[MATERIAL SUPPLIED Boundary: Start]

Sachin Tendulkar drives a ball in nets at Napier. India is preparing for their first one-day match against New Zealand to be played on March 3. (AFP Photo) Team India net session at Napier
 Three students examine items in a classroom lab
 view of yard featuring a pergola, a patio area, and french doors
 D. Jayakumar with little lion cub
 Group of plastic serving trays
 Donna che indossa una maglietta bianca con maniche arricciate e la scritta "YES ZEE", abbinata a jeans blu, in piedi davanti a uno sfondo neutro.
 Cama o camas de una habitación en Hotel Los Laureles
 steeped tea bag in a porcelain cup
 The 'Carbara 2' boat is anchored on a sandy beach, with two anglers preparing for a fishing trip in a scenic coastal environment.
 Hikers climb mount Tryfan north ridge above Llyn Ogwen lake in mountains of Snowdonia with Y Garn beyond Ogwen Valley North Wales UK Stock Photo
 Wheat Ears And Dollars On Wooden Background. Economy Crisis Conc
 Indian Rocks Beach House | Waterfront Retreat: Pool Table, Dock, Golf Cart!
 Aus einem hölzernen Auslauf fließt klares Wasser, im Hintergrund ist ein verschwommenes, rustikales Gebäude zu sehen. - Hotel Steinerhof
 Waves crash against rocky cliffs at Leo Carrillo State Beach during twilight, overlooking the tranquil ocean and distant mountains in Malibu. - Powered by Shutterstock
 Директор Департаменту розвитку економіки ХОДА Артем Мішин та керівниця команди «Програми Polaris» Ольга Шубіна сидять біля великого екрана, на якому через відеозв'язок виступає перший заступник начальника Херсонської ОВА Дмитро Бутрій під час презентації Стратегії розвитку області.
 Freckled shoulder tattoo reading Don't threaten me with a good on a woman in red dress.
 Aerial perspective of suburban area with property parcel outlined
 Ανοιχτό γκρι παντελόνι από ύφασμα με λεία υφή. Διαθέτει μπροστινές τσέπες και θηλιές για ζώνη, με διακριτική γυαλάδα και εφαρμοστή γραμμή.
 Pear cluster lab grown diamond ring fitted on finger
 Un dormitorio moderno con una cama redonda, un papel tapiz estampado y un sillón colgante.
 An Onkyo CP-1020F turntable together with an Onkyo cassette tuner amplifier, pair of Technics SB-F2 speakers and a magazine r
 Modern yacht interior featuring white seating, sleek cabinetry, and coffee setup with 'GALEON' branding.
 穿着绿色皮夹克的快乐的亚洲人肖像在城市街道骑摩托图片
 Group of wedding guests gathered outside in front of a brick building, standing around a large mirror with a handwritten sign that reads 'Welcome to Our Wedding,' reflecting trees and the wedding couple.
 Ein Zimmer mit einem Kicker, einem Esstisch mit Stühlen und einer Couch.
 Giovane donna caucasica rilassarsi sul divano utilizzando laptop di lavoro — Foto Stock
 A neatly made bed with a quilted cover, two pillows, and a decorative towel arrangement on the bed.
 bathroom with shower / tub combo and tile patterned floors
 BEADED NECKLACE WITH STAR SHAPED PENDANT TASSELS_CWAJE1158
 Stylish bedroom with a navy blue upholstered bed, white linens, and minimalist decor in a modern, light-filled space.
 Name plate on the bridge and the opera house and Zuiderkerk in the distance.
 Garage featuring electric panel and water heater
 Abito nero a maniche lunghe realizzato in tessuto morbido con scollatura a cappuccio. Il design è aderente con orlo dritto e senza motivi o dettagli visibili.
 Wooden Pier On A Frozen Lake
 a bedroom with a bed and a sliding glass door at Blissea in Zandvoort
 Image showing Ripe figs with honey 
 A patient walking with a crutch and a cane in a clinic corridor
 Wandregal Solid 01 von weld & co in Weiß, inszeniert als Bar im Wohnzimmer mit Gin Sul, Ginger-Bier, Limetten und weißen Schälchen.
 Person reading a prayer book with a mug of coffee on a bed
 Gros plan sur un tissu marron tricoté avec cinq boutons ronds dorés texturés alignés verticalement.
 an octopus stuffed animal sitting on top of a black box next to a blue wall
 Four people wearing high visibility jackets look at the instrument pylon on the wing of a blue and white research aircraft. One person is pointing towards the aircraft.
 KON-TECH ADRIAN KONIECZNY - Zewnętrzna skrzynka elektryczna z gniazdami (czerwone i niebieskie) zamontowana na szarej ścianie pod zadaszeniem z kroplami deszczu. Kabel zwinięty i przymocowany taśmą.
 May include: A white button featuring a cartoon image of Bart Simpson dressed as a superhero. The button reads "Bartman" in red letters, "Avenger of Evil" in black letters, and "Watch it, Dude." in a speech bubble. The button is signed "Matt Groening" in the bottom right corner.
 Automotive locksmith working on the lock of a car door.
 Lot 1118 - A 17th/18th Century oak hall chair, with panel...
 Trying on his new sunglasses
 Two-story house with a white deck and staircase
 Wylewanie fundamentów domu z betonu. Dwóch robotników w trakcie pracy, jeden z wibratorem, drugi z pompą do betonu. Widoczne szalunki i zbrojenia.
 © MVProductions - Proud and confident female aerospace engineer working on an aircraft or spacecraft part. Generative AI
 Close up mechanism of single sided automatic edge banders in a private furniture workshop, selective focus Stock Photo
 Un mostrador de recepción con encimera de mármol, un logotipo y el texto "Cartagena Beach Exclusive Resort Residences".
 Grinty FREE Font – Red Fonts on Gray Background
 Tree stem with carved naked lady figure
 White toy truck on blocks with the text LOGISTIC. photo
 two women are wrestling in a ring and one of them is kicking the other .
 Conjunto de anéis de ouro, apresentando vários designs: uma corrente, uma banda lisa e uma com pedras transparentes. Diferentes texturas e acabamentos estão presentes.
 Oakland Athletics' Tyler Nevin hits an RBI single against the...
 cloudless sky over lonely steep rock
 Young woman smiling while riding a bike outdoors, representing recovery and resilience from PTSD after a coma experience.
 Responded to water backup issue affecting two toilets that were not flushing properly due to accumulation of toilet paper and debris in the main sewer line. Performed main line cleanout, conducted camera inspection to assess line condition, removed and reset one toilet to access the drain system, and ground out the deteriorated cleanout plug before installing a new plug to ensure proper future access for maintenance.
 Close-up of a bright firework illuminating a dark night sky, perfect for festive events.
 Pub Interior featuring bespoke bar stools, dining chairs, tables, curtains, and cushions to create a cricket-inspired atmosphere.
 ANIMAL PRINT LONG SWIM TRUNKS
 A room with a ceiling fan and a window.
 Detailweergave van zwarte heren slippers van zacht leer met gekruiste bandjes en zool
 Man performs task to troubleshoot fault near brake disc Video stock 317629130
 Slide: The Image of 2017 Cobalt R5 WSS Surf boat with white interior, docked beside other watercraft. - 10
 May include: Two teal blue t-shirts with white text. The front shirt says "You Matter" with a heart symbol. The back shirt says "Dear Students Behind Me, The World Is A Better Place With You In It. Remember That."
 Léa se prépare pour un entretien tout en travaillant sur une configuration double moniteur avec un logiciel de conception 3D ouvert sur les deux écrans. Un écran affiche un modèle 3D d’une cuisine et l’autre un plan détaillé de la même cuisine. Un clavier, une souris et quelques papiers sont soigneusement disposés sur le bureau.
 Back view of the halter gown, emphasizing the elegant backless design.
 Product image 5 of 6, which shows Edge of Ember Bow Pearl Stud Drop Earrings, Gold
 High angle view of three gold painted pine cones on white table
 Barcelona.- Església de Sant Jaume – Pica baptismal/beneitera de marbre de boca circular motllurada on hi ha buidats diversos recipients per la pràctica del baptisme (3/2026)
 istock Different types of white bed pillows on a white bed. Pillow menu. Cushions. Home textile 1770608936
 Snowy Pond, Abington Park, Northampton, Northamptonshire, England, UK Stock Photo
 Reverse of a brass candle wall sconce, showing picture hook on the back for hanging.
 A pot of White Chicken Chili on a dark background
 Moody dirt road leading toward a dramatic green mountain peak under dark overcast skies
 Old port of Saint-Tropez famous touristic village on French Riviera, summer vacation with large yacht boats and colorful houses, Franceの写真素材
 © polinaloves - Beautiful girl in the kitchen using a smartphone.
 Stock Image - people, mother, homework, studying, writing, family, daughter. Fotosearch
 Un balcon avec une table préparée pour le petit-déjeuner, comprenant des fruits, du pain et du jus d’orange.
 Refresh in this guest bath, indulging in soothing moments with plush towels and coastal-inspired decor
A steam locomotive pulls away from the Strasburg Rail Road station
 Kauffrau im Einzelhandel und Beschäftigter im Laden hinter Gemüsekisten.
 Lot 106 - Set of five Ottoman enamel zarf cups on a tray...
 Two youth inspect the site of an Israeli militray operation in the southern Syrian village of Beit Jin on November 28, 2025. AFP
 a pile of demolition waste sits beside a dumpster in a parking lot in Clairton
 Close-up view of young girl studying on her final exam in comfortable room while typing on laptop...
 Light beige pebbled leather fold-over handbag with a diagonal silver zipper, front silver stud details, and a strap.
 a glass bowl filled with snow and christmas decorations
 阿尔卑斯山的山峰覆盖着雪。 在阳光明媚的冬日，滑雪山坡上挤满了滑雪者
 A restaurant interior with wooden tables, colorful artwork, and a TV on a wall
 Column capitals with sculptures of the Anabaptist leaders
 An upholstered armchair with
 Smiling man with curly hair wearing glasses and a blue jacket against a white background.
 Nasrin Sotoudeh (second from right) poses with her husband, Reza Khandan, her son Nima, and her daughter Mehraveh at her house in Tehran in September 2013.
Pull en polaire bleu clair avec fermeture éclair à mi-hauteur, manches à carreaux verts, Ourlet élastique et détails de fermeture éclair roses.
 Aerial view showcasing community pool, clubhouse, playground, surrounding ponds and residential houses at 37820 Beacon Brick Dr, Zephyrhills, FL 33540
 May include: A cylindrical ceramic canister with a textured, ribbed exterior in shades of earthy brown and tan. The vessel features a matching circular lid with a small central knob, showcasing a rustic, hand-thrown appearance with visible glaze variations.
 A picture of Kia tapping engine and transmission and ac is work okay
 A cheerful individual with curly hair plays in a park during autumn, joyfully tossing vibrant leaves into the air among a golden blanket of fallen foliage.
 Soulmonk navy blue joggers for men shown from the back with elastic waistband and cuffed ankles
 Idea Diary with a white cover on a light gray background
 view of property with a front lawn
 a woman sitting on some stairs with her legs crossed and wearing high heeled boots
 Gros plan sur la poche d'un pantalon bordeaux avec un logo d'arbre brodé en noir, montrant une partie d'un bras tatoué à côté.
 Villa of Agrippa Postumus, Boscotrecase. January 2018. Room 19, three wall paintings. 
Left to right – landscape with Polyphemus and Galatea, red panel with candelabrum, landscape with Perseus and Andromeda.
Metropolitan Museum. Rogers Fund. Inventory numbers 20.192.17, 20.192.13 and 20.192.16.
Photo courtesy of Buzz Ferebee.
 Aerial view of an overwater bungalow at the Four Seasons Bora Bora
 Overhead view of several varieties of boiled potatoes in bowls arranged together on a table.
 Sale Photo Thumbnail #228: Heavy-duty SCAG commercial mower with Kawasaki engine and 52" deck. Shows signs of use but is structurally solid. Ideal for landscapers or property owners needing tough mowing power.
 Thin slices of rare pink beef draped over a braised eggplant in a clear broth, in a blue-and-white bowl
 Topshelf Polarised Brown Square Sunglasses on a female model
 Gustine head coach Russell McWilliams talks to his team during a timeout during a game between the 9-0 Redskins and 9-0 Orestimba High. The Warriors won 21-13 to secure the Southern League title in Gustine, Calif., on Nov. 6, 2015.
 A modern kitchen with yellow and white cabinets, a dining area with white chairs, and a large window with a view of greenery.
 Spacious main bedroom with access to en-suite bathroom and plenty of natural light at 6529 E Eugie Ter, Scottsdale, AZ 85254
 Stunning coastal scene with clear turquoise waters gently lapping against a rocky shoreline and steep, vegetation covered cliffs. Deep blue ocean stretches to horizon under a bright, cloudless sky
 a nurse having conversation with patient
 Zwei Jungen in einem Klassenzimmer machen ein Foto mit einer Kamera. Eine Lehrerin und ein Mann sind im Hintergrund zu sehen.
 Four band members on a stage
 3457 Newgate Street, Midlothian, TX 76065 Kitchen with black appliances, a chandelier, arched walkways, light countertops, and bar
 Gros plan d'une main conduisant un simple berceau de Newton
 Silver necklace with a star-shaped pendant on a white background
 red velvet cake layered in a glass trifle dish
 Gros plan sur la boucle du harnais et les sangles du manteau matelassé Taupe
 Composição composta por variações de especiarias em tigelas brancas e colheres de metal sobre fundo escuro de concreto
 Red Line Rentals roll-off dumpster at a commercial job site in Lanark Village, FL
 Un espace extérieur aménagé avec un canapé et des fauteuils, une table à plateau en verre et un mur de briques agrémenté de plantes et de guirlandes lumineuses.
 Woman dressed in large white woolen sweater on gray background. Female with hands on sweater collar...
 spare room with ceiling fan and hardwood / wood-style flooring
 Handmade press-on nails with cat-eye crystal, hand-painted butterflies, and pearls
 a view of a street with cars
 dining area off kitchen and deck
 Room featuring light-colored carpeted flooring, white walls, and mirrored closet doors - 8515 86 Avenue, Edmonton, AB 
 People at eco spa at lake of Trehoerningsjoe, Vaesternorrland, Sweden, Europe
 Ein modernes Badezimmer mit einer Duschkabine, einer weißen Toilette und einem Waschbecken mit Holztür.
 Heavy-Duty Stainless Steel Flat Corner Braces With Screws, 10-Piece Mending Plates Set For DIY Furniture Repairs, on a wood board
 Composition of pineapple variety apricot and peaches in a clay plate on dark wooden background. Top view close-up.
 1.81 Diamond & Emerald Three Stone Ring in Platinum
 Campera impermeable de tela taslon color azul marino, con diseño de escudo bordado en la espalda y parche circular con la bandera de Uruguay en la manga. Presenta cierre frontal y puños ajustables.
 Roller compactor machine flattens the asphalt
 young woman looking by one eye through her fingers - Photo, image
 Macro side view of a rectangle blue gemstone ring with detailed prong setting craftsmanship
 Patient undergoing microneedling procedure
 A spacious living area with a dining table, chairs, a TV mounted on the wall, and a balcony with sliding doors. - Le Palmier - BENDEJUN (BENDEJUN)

[MATERIAL SUPPLIED Boundary: End]

• **TRY IT**
In the records above, find every line with the word "ceiling" and copy it.

• **RESULT OF THE EXERCISE**
 A room with a ceiling fan and a window.
 spare room with ceiling fan and hardwood / wood-style flooring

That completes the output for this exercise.